Lorries stuck in queues at Poland-Ukraine border
More than 3,000 Ukrainian lorries are stuck at the country’s border with Poland as a result of a blockade by Polish truckers. And the European Union has launched a scathing attack on Warsaw’s failure to resolve the increasingly bitter dispute.
Waiting times at the Dorohusk border checkpoint are now as long as three weeks, and at least one driver has already died in his vehicle. Pictures showed protesters camped out while drivers in hi-visibility vessels stand by their vehicles in freezing conditions.
Ukraine’s Deputy Infrastructure Minister Serhiy Derkach told Politico: “Drivers are forced to wait in an open field with no proper food supplies and no proper restrooms.” The Ukrainian government was preparing to evacuate the drivers, he added.
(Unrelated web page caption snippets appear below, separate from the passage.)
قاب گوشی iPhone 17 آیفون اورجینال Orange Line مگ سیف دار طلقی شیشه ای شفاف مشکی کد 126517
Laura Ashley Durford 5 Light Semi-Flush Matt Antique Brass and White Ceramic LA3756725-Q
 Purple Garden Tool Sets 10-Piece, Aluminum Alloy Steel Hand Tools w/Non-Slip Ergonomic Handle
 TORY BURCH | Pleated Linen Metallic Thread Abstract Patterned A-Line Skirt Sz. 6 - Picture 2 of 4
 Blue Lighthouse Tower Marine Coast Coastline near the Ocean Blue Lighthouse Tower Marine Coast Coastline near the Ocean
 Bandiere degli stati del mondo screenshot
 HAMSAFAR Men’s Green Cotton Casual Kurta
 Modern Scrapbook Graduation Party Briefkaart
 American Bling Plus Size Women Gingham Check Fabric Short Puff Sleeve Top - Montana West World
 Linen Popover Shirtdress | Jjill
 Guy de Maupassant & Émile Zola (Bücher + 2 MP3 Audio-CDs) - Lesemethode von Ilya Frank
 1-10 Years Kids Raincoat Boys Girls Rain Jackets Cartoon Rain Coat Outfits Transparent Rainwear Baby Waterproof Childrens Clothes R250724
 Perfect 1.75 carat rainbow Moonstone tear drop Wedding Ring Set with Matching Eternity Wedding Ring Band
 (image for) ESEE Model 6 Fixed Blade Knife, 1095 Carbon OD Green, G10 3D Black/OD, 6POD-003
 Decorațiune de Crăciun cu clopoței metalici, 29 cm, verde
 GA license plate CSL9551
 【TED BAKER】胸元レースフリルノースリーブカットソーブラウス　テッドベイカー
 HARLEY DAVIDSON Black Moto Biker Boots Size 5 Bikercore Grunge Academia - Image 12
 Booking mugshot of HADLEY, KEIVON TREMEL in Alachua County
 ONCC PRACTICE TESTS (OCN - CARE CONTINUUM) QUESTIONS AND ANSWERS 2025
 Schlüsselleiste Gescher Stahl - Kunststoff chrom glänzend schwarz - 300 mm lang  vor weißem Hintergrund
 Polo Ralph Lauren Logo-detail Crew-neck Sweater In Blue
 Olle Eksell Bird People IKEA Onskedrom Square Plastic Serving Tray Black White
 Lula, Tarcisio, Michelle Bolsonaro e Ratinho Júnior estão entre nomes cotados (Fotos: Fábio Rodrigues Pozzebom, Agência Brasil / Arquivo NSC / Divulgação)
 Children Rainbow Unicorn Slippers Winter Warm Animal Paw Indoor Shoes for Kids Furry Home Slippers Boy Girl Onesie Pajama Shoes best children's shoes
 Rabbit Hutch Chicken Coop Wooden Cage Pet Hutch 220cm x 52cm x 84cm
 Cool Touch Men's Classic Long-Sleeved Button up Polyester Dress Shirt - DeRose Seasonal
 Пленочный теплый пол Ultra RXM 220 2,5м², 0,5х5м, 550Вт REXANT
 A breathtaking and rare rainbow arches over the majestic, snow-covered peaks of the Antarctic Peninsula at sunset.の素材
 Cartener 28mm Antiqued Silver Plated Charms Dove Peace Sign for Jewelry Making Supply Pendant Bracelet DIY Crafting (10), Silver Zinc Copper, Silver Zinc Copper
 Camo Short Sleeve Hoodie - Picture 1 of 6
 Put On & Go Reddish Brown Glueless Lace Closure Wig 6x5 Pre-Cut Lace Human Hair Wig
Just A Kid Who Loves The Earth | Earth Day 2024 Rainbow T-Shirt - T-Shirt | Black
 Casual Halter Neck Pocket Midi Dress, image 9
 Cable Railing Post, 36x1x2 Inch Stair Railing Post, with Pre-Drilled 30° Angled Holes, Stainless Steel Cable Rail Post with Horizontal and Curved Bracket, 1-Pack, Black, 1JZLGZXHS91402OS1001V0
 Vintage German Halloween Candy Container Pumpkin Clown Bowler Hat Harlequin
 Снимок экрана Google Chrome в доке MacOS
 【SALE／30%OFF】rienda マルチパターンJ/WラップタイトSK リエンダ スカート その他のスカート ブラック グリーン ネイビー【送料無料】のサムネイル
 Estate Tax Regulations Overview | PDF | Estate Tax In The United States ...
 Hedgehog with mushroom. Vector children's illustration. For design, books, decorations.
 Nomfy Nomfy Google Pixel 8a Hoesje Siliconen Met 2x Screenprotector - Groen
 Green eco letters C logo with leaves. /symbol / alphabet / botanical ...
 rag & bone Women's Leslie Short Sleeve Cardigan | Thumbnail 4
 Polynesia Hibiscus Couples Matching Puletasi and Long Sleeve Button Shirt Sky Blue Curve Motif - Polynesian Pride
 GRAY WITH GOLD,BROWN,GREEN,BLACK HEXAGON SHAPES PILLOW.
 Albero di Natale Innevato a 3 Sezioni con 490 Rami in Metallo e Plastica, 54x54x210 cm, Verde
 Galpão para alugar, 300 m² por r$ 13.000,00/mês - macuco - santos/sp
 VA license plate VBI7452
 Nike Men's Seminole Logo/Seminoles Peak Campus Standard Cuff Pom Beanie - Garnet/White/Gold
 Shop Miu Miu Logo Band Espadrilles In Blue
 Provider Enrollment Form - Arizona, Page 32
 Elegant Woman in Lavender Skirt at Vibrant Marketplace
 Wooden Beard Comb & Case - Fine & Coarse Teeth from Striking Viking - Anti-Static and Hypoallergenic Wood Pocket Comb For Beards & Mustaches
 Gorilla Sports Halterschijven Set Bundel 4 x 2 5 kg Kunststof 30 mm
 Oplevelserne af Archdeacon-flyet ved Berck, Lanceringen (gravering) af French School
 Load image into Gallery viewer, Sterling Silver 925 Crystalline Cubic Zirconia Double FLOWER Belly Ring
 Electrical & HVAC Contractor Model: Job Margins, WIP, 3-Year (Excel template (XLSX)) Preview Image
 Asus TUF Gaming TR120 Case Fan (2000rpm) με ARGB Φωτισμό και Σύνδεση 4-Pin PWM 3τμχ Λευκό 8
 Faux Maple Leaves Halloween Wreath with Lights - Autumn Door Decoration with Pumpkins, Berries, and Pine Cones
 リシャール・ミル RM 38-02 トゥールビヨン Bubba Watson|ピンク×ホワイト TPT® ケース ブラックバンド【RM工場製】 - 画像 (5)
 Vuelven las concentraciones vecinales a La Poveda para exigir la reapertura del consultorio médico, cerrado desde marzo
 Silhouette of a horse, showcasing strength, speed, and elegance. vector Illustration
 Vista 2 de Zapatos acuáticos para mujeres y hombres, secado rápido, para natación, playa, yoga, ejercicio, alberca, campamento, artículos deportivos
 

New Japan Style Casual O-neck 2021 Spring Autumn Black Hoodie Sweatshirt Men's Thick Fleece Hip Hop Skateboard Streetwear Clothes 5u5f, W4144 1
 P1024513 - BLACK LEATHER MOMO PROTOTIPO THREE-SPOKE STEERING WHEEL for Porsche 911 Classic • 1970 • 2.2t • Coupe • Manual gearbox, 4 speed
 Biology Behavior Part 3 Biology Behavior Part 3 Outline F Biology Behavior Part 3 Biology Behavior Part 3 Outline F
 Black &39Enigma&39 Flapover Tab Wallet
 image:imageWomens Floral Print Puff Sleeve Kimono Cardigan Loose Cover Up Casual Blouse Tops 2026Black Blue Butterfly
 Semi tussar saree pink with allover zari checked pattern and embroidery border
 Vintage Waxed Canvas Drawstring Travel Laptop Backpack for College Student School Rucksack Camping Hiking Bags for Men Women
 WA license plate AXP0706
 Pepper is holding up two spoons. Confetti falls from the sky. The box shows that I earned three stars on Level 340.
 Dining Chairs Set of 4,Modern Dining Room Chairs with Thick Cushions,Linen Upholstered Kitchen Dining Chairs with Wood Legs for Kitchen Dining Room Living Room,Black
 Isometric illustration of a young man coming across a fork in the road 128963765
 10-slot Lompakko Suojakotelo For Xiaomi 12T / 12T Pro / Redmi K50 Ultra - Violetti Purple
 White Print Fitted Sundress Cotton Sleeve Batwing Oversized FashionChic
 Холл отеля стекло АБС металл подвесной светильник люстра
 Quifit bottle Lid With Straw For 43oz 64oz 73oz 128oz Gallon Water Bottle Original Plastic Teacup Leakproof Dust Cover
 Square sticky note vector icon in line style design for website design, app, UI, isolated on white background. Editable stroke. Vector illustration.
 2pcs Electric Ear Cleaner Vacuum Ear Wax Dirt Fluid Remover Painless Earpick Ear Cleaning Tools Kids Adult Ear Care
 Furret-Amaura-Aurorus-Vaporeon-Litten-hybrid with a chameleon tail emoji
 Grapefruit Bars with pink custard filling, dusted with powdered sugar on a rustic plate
Mr Derkach continued: “We offered Polish truckers to open more checkpoints and create special road lines for the empty Polish trucks. But they do not want to register in an electronic queue system like everyone else. It would be unfair to other countries if we offer a special treatment.”
Keeping trade moving across the border is critical for the Ukrainian economy, 21 months after Vladimir Putin ordered his full-scale invasion. However, Polish truckers are angry at what they see as Ukrainian drivers undercutting their business.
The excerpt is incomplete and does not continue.